▶ **WHAT THE TASK ASKS**
The expected output is the data below, character for character, without its pictures.

▶ **DATA EXCERPT**
—————
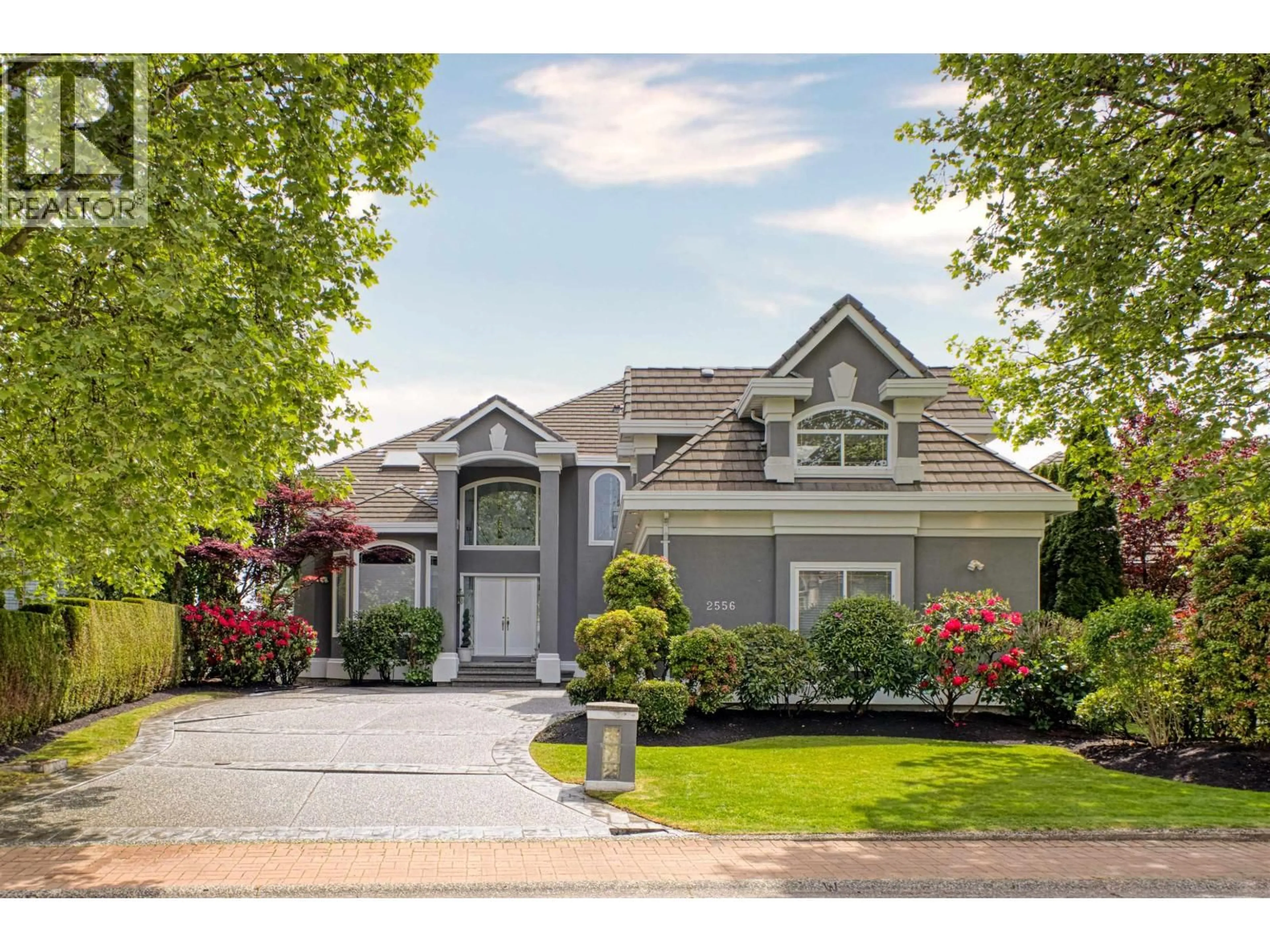 Home with vinyl exterior material, street for 2556 PALISADE CRESCENT, Port Coquitlam British Columbia V3C6B2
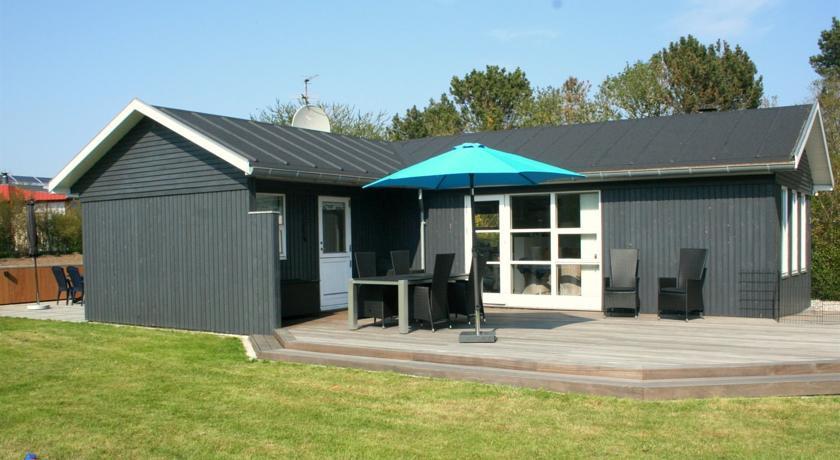 Апартаменты Holiday home Æblehaven A- 141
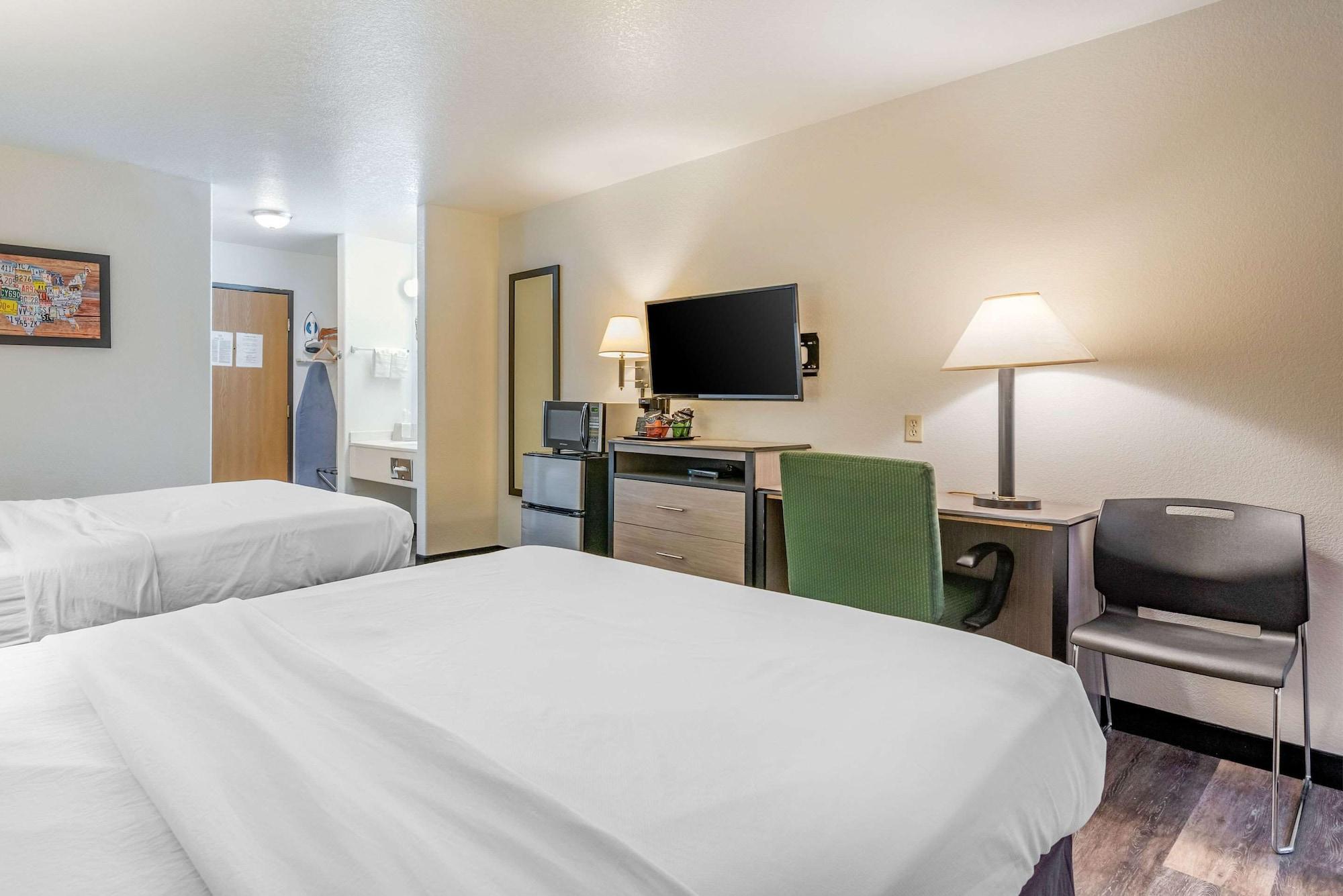 Econo Lodge Pueblo Luaran gambar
—————
▶ **PROBLEM SOLUTION**
 Home with vinyl exterior material, street for 2556 PALISADE CRESCENT, Port Coquitlam British Columbia V3C6B2
 Апартаменты Holiday home Æblehaven A- 141
 Econo Lodge Pueblo Luaran gambar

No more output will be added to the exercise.